Del resto, chiunque abbia insegnato in carcere sa bene  quanto siano preziosi per i detenuti i piccoli oggetti di cancelleria o per l’igiene personale: per ottenerli in carcere occorre una procedura lunga. Una persona che insegna in carcere sa come in certi giorni sia impossibile fare qualunque attività scolastica: si può solo ascoltare e cercare di mettere in pratica l’empatia. Basta un colloquio teso con un familiare, una notizia non buona portata dal difensore, l’attesa per l’udienza imminente, e la lezione diventa del tutto marginale. Attenzione, però: in questa condizioni diventa al contrario centrale l’attenzione della persona “esterna”, docente o volontario che sia, che diventa il depositario delle confidenze, delle attese, dei desideri e delle speranze dell’interlocutore carcerato. La responsabilità del docente o del volontario è grande, in tutti questi casi, anche perché la sua valutazione, del tutto empatica e non scientifica, dello stato di stress dell’interlocutore può essere un importante indicatore per chi all’interno del carcere si occupa della salute dei ristretti.

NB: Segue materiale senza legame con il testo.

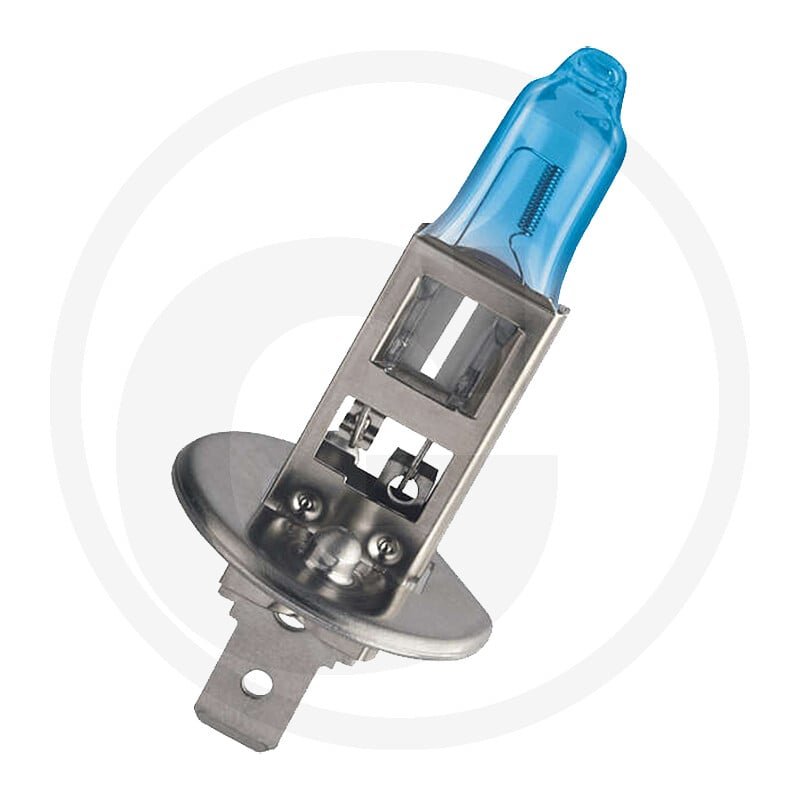 Żarówka halogenowa H1 00523630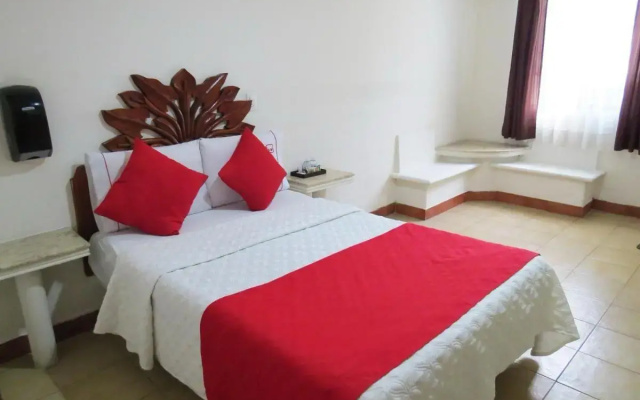 Hotel Royal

Non dimentichiamo, inoltre, che al 31 marzo 2023 risultavano presenti in Lombardia 30 detenuti con tipologie psichiatriche. Di questi 13 erano in attesa di ricovero presso REMS, per patologie diagnosticate o sviluppate dopo l’ingresso in carcere.

E allora?

Se dobbiamo dare retta all’OMS e ai dati disponibili, il forte tasso di suicidi in carcere non è un problema del carcere. O meglio, si iscrive perfettamente in quel processo di emarginazione delle persone fragili e di estremizzazione delle differenze sociali e culturali in atto ormai da tempo nella nostra società, e, a quanto pare, con maggiore evidenza in Italia che altrove.  In questo contesto, può assumere grande importanza il ruolo dei CPIA non tanto e non solo con i corsi istituzionali e di ampliamento che ci competono e che dovrebbero andare almeno in parte a colmare il divario nelle opportunità educative, e  garantire e riconoscere le competenze  già presenti, ma soprattutto con le sue reti. I CPIA intesi come reti potrebbero intervenire nei momenti critici soprattutto della riqualificazione,  del sostegno e dell’orientamento verso un lavoro dignitoso, in collaborazione con le istituzioni locali e con le associazioni del terzo settore.